REPUBLIKA.CO.ID, JAKARTA -- Pengamat kebijakan publik Adib Miftahul menilai bahwa Undang-Undang Cipta Kerja (UU Ciptaker) dapat membenahi peraturan daerah (perda) yang bermasalah. Dia mengatakan, ada beberapa perda yang tidak sinkron dengan peraturan di atasnya.
"Kondisi ini menyebabkan pengurusan izin memakan waktu lama dan banyak menguras biaya," kata Adib dalam keterangan, Senin (26/10).

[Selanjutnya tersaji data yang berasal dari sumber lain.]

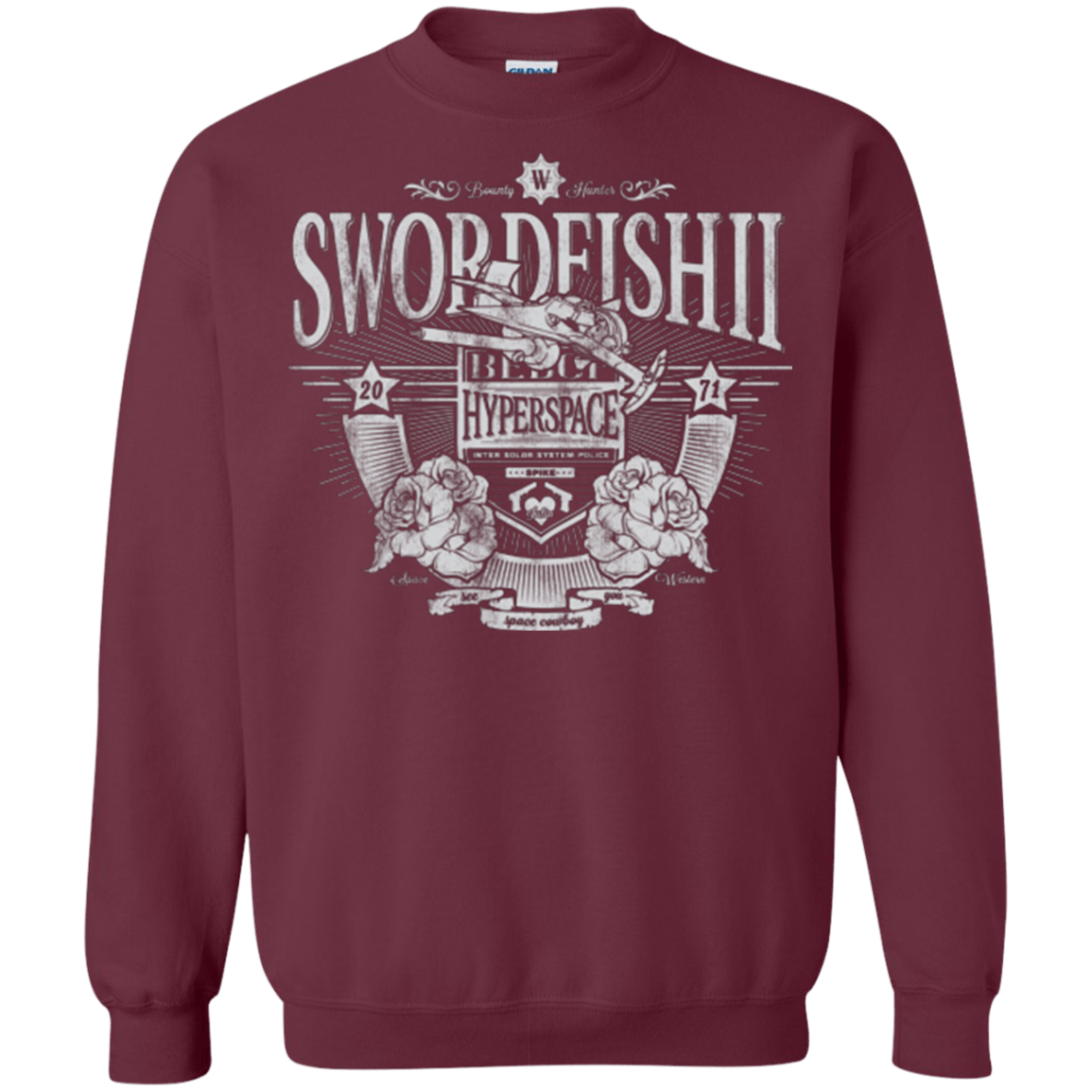 Sweatshirts Maroon / Small Space Western Crewneck Sweatshirt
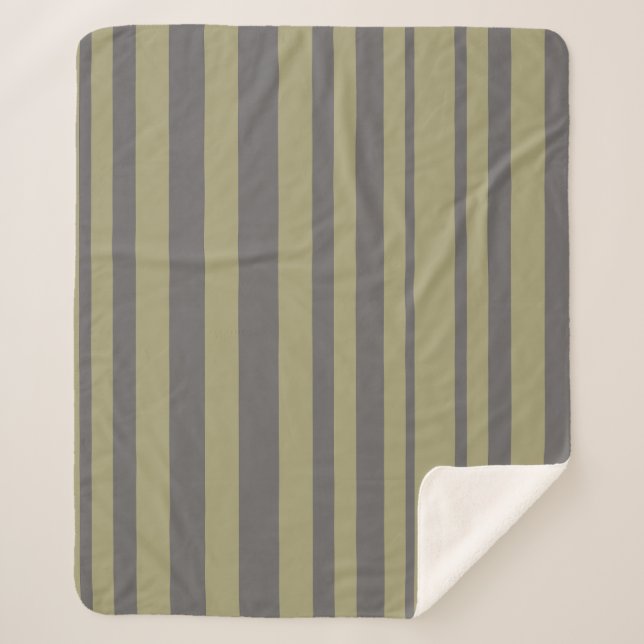 Stripes Sherpa Blanket (Front)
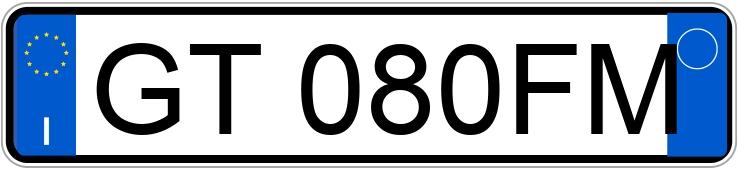 Numer rejestracyjny GT080FM posiada BMW 320D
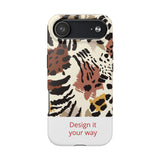 Leopard Print Tough Phone Case – Customizable “Design it Your Way” Protective Cover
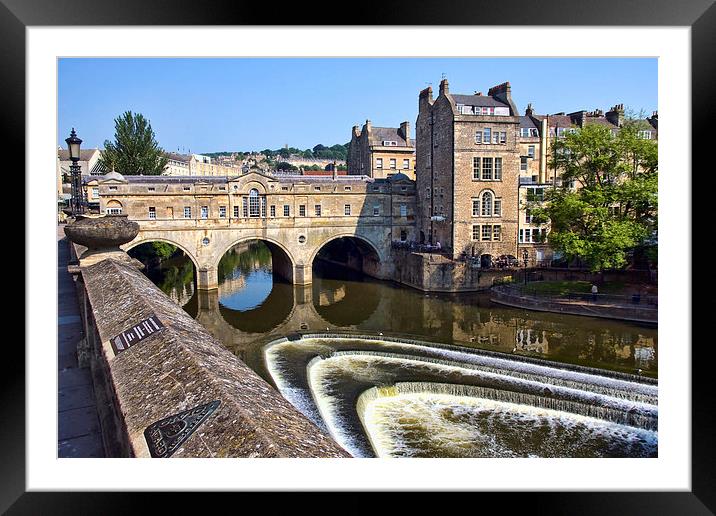 Pulteney Bridge, Bath, Framed Mounted Print by Gary Kenyon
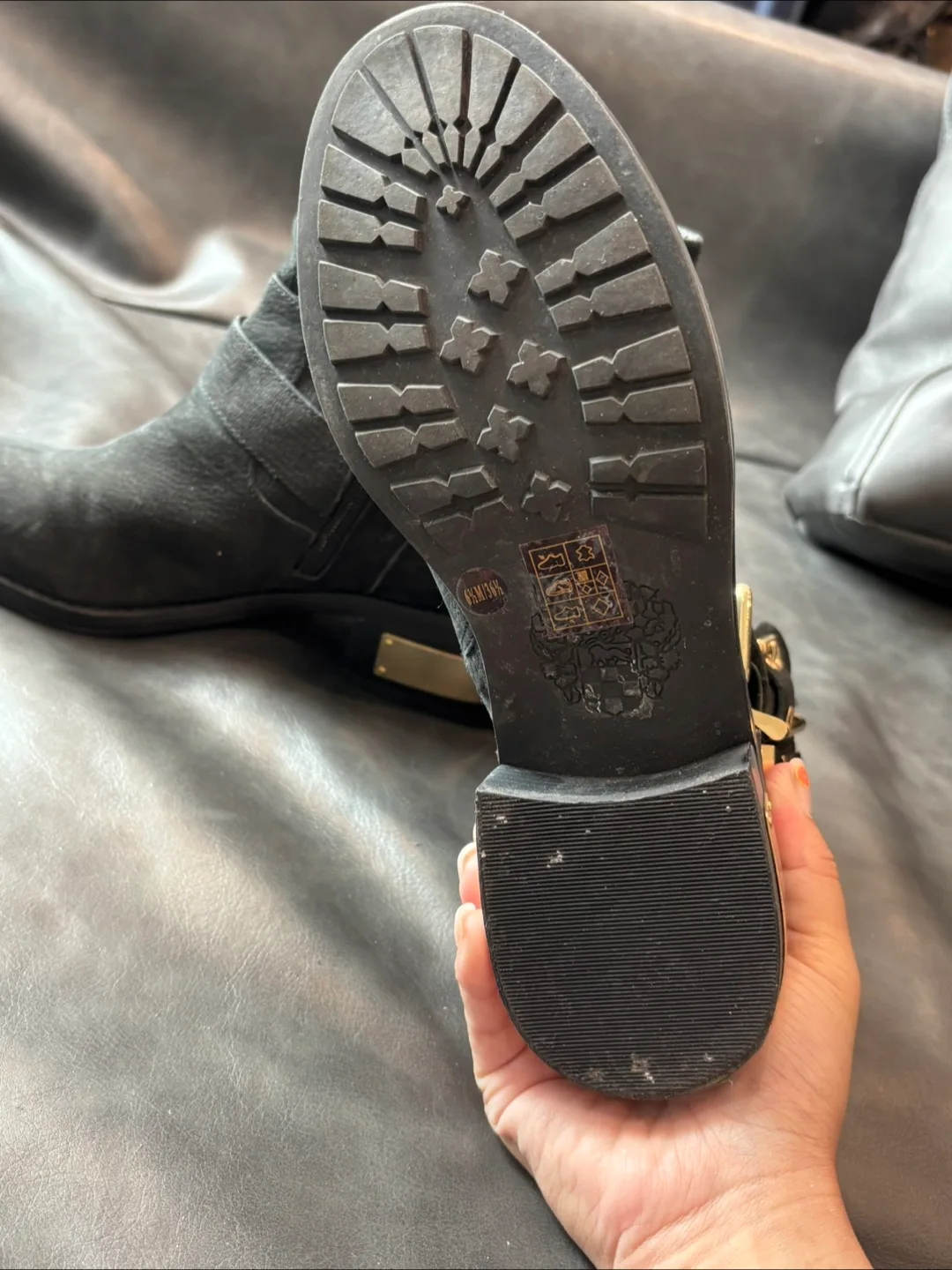 Vince Camuto Black Leather Boots image indicator(3)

Dia mengatakan, kondisi itu membuat perizinan menjadi berbelit-belit. Dia melanjutkan, hal tersebut kemudian membuat investor enggan menempatkan modal mereka ke dalam negeri.
Dia menyebut, izin yang berada di bawah pemerintah daerah ini terkadang tidak jalan karena banyak oknum-oknum yang bermain. Dia mengatakan, produk hukum tersebut diyakini mampu mengurai berbagai tumpang tindih regulasi antara pemerintah pusat dan daerah.
Akademisi Universitas Islam Syekh Yusuf (UNIS) ini mengatakan, keberadaan UU Ciptaker menjadi sebuah evaluasi atas tumpang tindih regulasi. Dengan begitu, sambung dia, ekonomi Indonesia bisa segera tumbuh.
"Proses perizinan harus cepat. Tidak boleh ada tumpang tindih regulasi kalau kita mengharapkan ekonomi tumbuh,” kata Adib.
Kendati, dia memberi catatan agar pemerintah daerah tetap dilibatkan dalam mengawal regulasi sapu jagat tersebut. Dia mengatakan, pemerintah daerah bisa melakukan supervisi untuk memastikan yang diberikan izin itu layak atau tidak.
Seperti diketahui, DPR RI resmi mengesahkan Rancangan Undang-Undang (RUU) Ciptaker menjadi undang-undang. Persetujuan diambil dalam Rapat Paripurna Masa Sidang IV tahun sidang 2020-2021 yang digelar di Kompleks Parlemen, Jakarta, Senin (5/10) sore.
Presiden Joko Widodo mempersilakan jika ada pihak yang tidak puas dengan UU Cipta Kerja untuk menempuh jalur konstitusi. Bekas gubernur DKI Jakarta ini memberi peluang agar penentang UU Ciptaker mengajukan uji materi ke Mahkamah Konstitusi (MK).